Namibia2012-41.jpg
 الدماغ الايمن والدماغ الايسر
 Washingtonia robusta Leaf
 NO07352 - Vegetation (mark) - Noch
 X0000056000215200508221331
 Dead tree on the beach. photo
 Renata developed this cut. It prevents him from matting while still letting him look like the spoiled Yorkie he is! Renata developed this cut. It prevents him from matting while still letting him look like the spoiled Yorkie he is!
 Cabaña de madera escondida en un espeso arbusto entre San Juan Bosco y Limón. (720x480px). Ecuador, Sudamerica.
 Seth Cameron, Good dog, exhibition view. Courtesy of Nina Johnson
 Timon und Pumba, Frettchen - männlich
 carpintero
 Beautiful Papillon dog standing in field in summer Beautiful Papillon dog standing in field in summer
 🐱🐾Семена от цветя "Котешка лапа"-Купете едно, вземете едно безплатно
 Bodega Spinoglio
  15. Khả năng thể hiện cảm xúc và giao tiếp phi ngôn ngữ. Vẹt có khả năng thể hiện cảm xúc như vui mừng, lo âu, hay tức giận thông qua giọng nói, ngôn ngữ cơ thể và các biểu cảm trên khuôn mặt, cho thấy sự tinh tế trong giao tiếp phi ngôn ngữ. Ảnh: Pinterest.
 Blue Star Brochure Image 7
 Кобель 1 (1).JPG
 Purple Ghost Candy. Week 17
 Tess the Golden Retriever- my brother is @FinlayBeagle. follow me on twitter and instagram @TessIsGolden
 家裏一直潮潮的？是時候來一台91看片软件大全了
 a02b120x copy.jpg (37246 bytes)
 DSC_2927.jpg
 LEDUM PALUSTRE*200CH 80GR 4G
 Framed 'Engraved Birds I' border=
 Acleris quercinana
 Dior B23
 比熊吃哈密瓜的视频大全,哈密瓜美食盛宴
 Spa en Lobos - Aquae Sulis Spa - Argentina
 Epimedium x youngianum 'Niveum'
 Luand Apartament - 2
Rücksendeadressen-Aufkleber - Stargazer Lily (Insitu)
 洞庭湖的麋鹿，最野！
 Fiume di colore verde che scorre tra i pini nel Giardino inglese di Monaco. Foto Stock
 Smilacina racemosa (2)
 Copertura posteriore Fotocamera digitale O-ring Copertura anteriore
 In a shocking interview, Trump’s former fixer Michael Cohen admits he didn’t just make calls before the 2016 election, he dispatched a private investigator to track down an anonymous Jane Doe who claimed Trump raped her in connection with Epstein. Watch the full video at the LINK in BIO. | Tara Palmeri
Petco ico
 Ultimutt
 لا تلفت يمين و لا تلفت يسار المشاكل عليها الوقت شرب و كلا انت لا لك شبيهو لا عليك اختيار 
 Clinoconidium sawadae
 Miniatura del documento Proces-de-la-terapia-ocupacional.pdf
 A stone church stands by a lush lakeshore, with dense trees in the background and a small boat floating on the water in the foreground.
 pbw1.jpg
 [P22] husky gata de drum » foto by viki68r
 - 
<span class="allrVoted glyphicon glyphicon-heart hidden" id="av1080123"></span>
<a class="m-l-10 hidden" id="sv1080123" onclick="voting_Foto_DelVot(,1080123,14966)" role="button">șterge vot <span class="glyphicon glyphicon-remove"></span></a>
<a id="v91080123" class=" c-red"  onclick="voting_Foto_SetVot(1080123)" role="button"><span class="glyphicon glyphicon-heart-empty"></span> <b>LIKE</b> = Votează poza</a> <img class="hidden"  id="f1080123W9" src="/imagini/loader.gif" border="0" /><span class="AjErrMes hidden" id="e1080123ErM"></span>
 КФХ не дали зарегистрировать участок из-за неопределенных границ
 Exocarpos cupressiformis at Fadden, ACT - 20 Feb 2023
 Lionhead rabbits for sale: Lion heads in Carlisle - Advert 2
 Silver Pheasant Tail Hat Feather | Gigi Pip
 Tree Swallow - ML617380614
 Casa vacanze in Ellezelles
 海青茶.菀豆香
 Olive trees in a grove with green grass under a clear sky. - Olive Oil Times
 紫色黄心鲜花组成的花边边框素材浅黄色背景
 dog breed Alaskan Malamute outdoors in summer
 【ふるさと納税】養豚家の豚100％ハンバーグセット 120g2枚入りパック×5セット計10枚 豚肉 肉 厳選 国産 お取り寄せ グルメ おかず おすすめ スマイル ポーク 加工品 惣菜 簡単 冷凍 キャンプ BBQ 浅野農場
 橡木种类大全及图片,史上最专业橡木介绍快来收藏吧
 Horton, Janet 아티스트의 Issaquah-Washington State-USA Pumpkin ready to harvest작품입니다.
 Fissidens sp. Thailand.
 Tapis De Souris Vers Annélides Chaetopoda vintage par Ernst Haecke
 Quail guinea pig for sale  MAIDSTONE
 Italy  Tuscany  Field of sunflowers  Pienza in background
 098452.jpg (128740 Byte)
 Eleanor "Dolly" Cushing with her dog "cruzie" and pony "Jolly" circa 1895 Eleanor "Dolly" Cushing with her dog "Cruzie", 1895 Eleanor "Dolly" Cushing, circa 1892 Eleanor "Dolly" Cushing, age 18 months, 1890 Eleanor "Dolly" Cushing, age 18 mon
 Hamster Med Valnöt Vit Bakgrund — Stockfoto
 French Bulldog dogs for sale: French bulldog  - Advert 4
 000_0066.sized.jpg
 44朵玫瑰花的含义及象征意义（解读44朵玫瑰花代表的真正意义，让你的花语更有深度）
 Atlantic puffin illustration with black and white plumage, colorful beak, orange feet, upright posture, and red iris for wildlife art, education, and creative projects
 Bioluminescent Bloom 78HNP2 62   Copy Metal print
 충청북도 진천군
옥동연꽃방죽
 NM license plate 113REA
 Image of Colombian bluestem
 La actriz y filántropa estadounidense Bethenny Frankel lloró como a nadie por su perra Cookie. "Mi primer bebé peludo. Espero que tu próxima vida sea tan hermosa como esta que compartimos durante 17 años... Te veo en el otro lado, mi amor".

▶ [What to do]: Each line of the data is to be transcribed exactly, with nothing left out.

▶ [Written solution]:
Namibia2012-41.jpg
 الدماغ الايمن والدماغ الايسر
 Washingtonia robusta Leaf
 NO07352 - Vegetation (mark) - Noch
 X0000056000215200508221331
 Dead tree on the beach. photo
 Renata developed this cut. It prevents him from matting while still letting him look like the spoiled Yorkie he is! Renata developed this cut. It prevents him from matting while still letting him look like the spoiled Yorkie he is!
 Cabaña de madera escondida en un espeso arbusto entre San Juan Bosco y Limón. (720x480px). Ecuador, Sudamerica.
 Seth Cameron, Good dog, exhibition view. Courtesy of Nina Johnson
 Timon und Pumba, Frettchen - männlich
 carpintero
 Beautiful Papillon dog standing in field in summer Beautiful Papillon dog standing in field in summer
 🐱🐾Семена от цветя "Котешка лапа"-Купете едно, вземете едно безплатно
 Bodega Spinoglio
  15. Khả năng thể hiện cảm xúc và giao tiếp phi ngôn ngữ. Vẹt có khả năng thể hiện cảm xúc như vui mừng, lo âu, hay tức giận thông qua giọng nói, ngôn ngữ cơ thể và các biểu cảm trên khuôn mặt, cho thấy sự tinh tế trong giao tiếp phi ngôn ngữ. Ảnh: Pinterest.
 Blue Star Brochure Image 7
 Кобель 1 (1).JPG
 Purple Ghost Candy. Week 17
 Tess the Golden Retriever- my brother is @FinlayBeagle. follow me on twitter and instagram @TessIsGolden
 家裏一直潮潮的？是時候來一台91看片软件大全了
 a02b120x copy.jpg (37246 bytes)
 DSC_2927.jpg
 LEDUM PALUSTRE*200CH 80GR 4G
 Framed 'Engraved Birds I' border=
 Acleris quercinana
 Dior B23
 比熊吃哈密瓜的视频大全,哈密瓜美食盛宴
 Spa en Lobos - Aquae Sulis Spa - Argentina
 Epimedium x youngianum 'Niveum'
 Luand Apartament - 2
Rücksendeadressen-Aufkleber - Stargazer Lily (Insitu)
 洞庭湖的麋鹿，最野！
 Fiume di colore verde che scorre tra i pini nel Giardino inglese di Monaco. Foto Stock
 Smilacina racemosa (2)
 Copertura posteriore Fotocamera digitale O-ring Copertura anteriore
 In a shocking interview, Trump’s former fixer Michael Cohen admits he didn’t just make calls before the 2016 election, he dispatched a private investigator to track down an anonymous Jane Doe who claimed Trump raped her in connection with Epstein. Watch the full video at the LINK in BIO. | Tara Palmeri
Petco ico
 Ultimutt
 لا تلفت يمين و لا تلفت يسار المشاكل عليها الوقت شرب و كلا انت لا لك شبيهو لا عليك اختيار 
 Clinoconidium sawadae
 Miniatura del documento Proces-de-la-terapia-ocupacional.pdf
 A stone church stands by a lush lakeshore, with dense trees in the background and a small boat floating on the water in the foreground.
 pbw1.jpg
 [P22] husky gata de drum » foto by viki68r
 - 
<span class="allrVoted glyphicon glyphicon-heart hidden" id="av1080123"></span>
<a class="m-l-10 hidden" id="sv1080123" onclick="voting_Foto_DelVot(,1080123,14966)" role="button">șterge vot <span class="glyphicon glyphicon-remove"></span></a>
<a id="v91080123" class=" c-red"  onclick="voting_Foto_SetVot(1080123)" role="button"><span class="glyphicon glyphicon-heart-empty"></span> <b>LIKE</b> = Votează poza</a> <img class="hidden"  id="f1080123W9" src="/imagini/loader.gif" border="0" /><span class="AjErrMes hidden" id="e1080123ErM"></span>
 КФХ не дали зарегистрировать участок из-за неопределенных границ
 Exocarpos cupressiformis at Fadden, ACT - 20 Feb 2023
 Lionhead rabbits for sale: Lion heads in Carlisle - Advert 2
 Silver Pheasant Tail Hat Feather | Gigi Pip
 Tree Swallow - ML617380614
 Casa vacanze in Ellezelles
 海青茶.菀豆香
 Olive trees in a grove with green grass under a clear sky. - Olive Oil Times
 紫色黄心鲜花组成的花边边框素材浅黄色背景
 dog breed Alaskan Malamute outdoors in summer
 【ふるさと納税】養豚家の豚100％ハンバーグセット 120g2枚入りパック×5セット計10枚 豚肉 肉 厳選 国産 お取り寄せ グルメ おかず おすすめ スマイル ポーク 加工品 惣菜 簡単 冷凍 キャンプ BBQ 浅野農場
 橡木种类大全及图片,史上最专业橡木介绍快来收藏吧
 Horton, Janet 아티스트의 Issaquah-Washington State-USA Pumpkin ready to harvest작품입니다.
 Fissidens sp. Thailand.
 Tapis De Souris Vers Annélides Chaetopoda vintage par Ernst Haecke
 Quail guinea pig for sale  MAIDSTONE
 Italy  Tuscany  Field of sunflowers  Pienza in background
 098452.jpg (128740 Byte)
 Eleanor "Dolly" Cushing with her dog "cruzie" and pony "Jolly" circa 1895 Eleanor "Dolly" Cushing with her dog "Cruzie", 1895 Eleanor "Dolly" Cushing, circa 1892 Eleanor "Dolly" Cushing, age 18 months, 1890 Eleanor "Dolly" Cushing, age 18 mon
 Hamster Med Valnöt Vit Bakgrund — Stockfoto
 French Bulldog dogs for sale: French bulldog  - Advert 4
 000_0066.sized.jpg
 44朵玫瑰花的含义及象征意义（解读44朵玫瑰花代表的真正意义，让你的花语更有深度）
 Atlantic puffin illustration with black and white plumage, colorful beak, orange feet, upright posture, and red iris for wildlife art, education, and creative projects
 Bioluminescent Bloom 78HNP2 62   Copy Metal print
 충청북도 진천군
옥동연꽃방죽
 NM license plate 113REA
 Image of Colombian bluestem
 La actriz y filántropa estadounidense Bethenny Frankel lloró como a nadie por su perra Cookie. "Mi primer bebé peludo. Espero que tu próxima vida sea tan hermosa como esta que compartimos durante 17 años... Te veo en el otro lado, mi amor".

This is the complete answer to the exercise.